SUPPLIED INFORMATION START

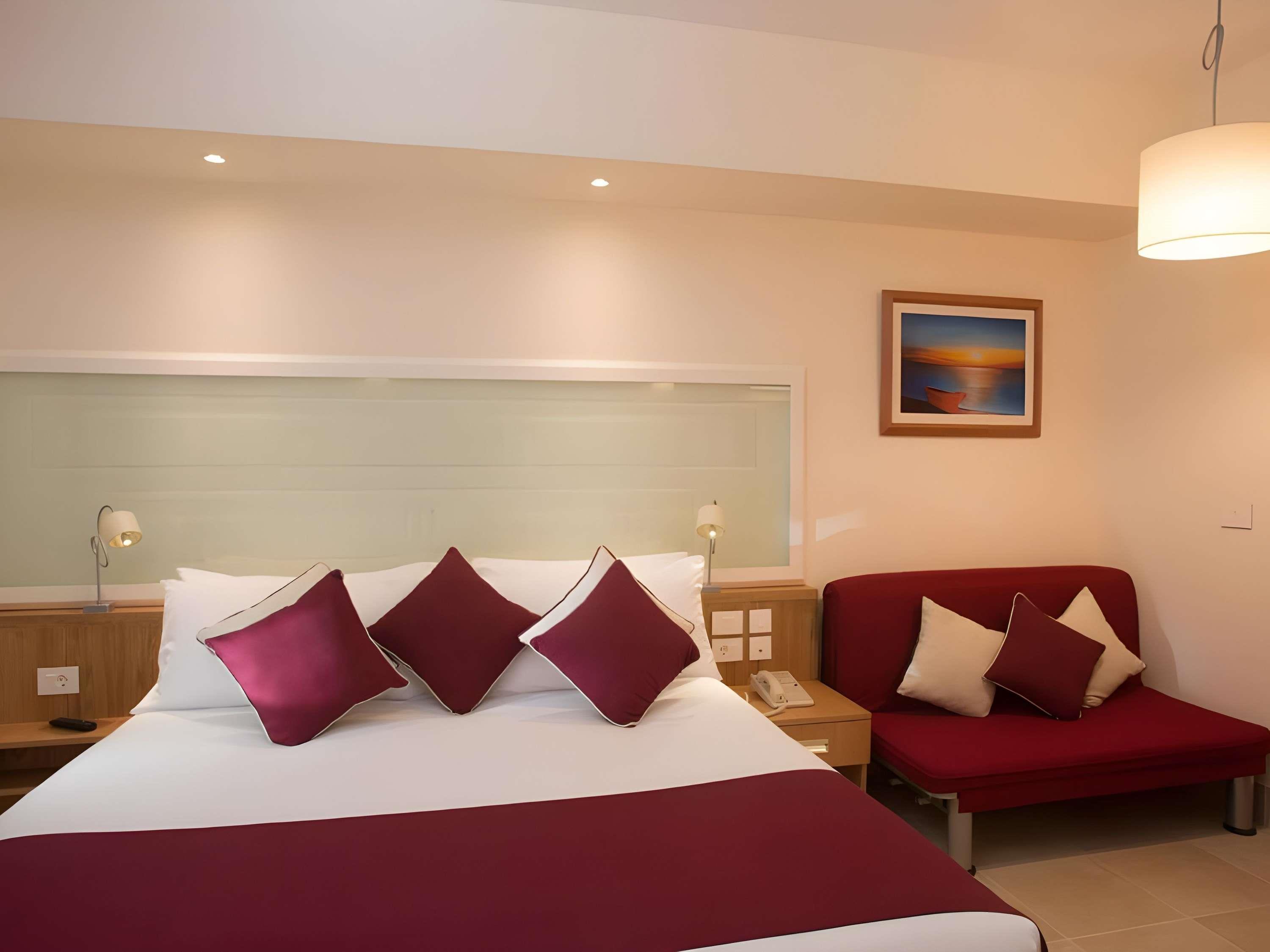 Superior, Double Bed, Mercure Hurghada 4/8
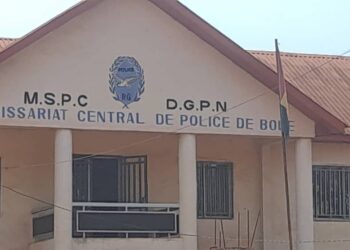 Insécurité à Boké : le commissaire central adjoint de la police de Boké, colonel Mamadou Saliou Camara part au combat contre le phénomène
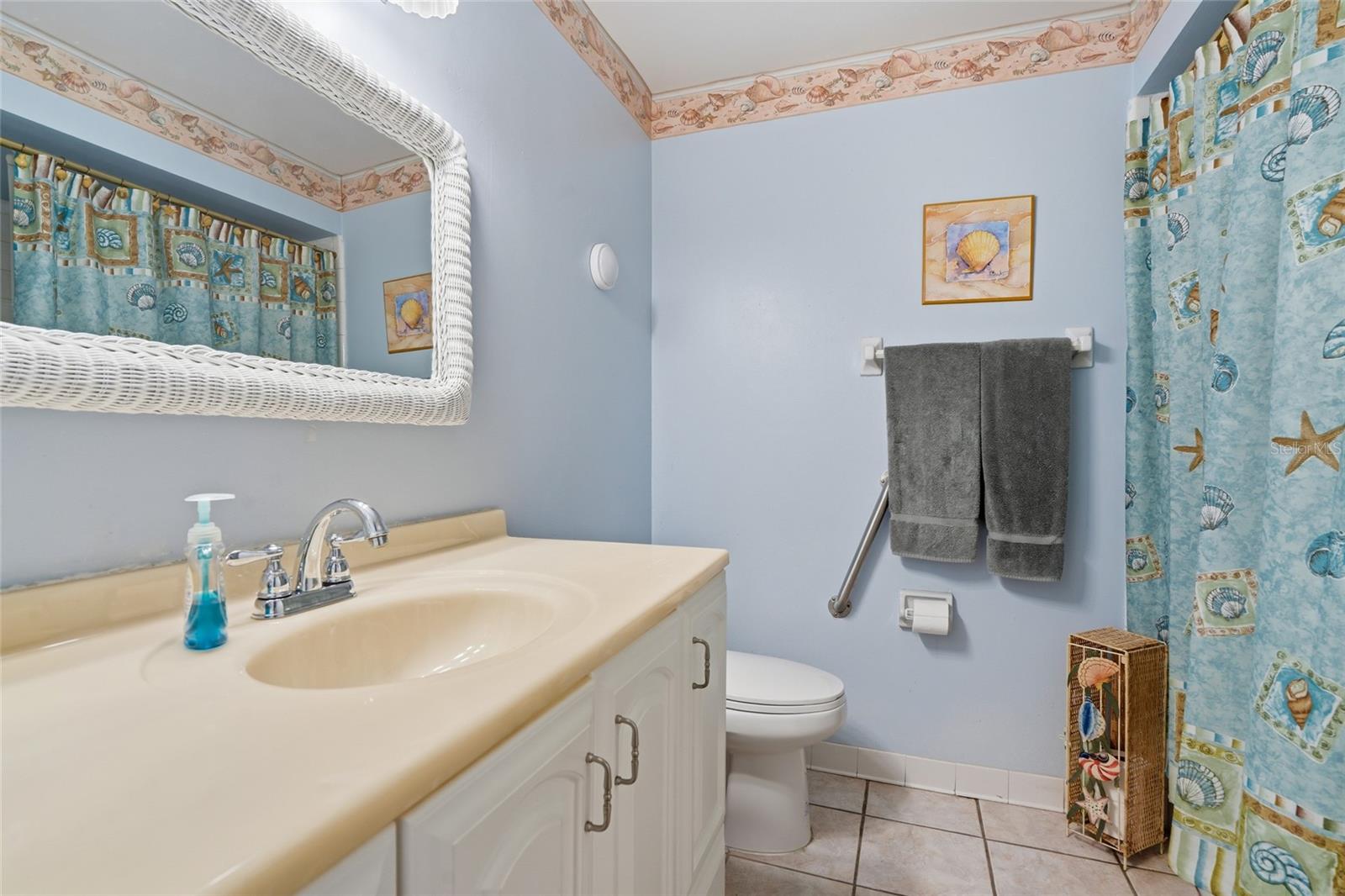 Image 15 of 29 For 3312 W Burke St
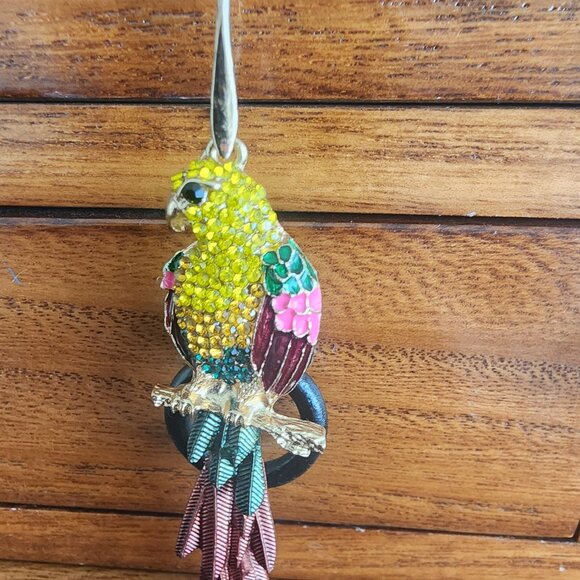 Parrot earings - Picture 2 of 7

SUPPLIED INFORMATION END

An exact printout of the listing is needed, minus any pictures it contains.

 Superior, Double Bed, Mercure Hurghada 4/8
 Insécurité à Boké : le commissaire central adjoint de la police de Boké, colonel Mamadou Saliou Camara part au combat contre le phénomène
 Image 15 of 29 For 3312 W Burke St
 Parrot earings - Picture 2 of 7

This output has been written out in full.